Probleme mit der Stellvertretung in der SBV

  • Die Stellvertretung in der SBV wurde aus meiner Sicht nicht gut geregelt. Der/Die jeweilige Stellvertreter*in darf nur agieren und handeln, wenn die Vertrauensperson oder der/die Vertreter*in in der Reihe davor verhindert sind und das aus wichtigem (nicht dienstlichen!) Grund. Krankheit, Urlaub usw.


    Wir sind eine Dienststelle mit etwa 2500 Beschäftigten und 12 Standorten. An den Standorten gibt es SBV`en und auch noch eine Hauptschwerbehindertenvertreung (HSBV) für übergeordnete Aufgaben und Bereiche, die keine eigene SBV haben.


    Die Aufgaben sind bekanntermaßen vielfältig und zeitintensiv, so dass die jeweilige Vertrauensperson es gar nicht schaffen kann. Denn es ist ein Ehrenamt und wir alle haben noch einen originären Job, der auch erfüllt werden muss.

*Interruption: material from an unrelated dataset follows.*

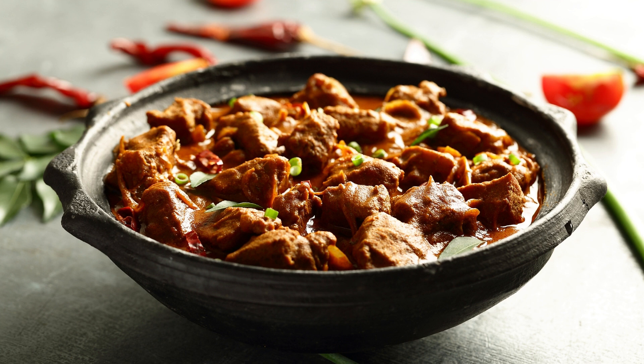Instructions: Heat 4 tablespoons of oil in a large pot over medium heat. Add the cumin seeds, crushed cardamom pods, and cloves to the pot and fry for a few seconds until fragrant. Add the chopped onions to the pot and sauté until they turn golden brown.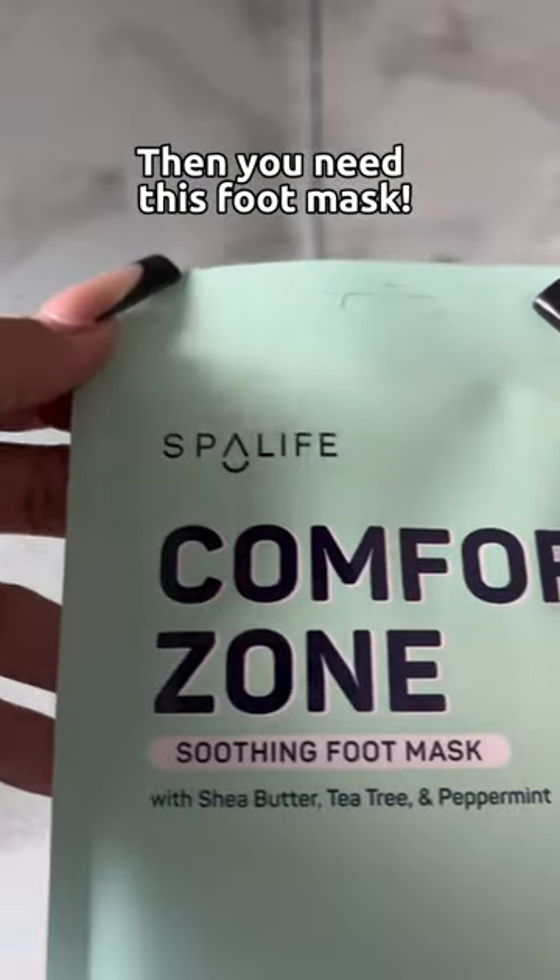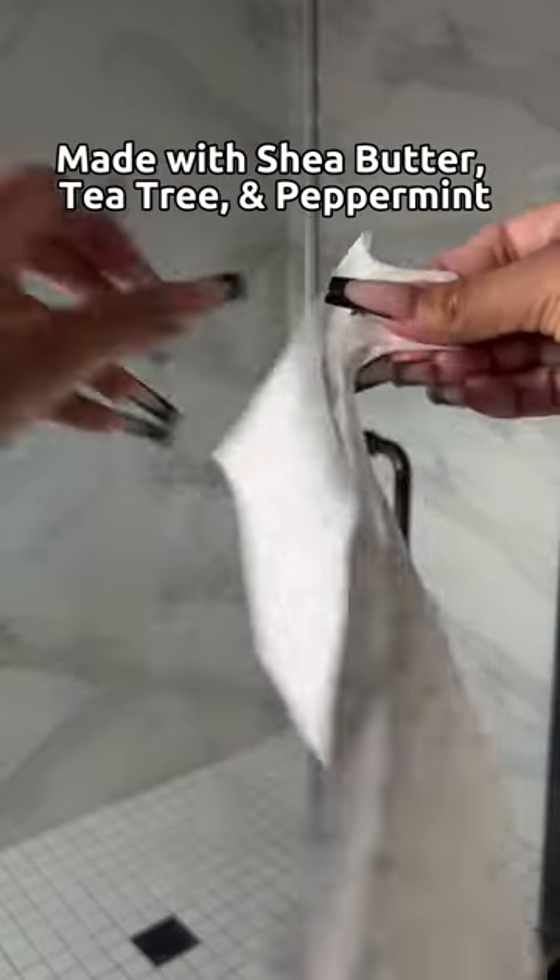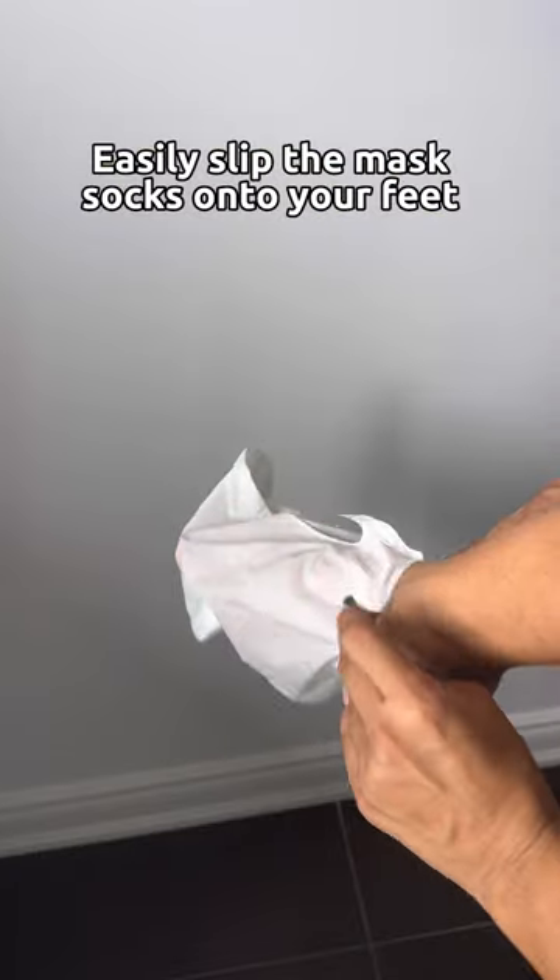If you're tired of battling dry feet all winter, then you need this in your life. A soothing foam mask made of shea butter, tea tree, and peppermint. It instantly repairs and moisturizes dried and cracked skin on your feet.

    So wollten wir gerne Aufgaben, die z. B. keine Mitbestimmungstatbestände beinhalten, auf die Vertreter verteilen.


    Dürfen wir aber wegen der strengen Vertreterregelung nicht. Die Dienststelle achtet sehr darauf und prüft (personalintensiv), ob die Übernahme der Aufgabe aus der Stellevertretung zulässig ist oder war.


    So macht das wichtige und in den Aufgaben ausgebaute Ehrenamt keinen Spaß.


    Diese Benachteiligung gegenüber den Personalräten versteh ich auch nicht. Da werden die Vertretungsregelungen sehr locker gesehen.


    Warum hat der Gesetzgeber ein solch wichtiges Amt so beschränkt und den Vertretern und Vertreterinnen nicht auch eine permanente Handlungsbefugnis gegeben?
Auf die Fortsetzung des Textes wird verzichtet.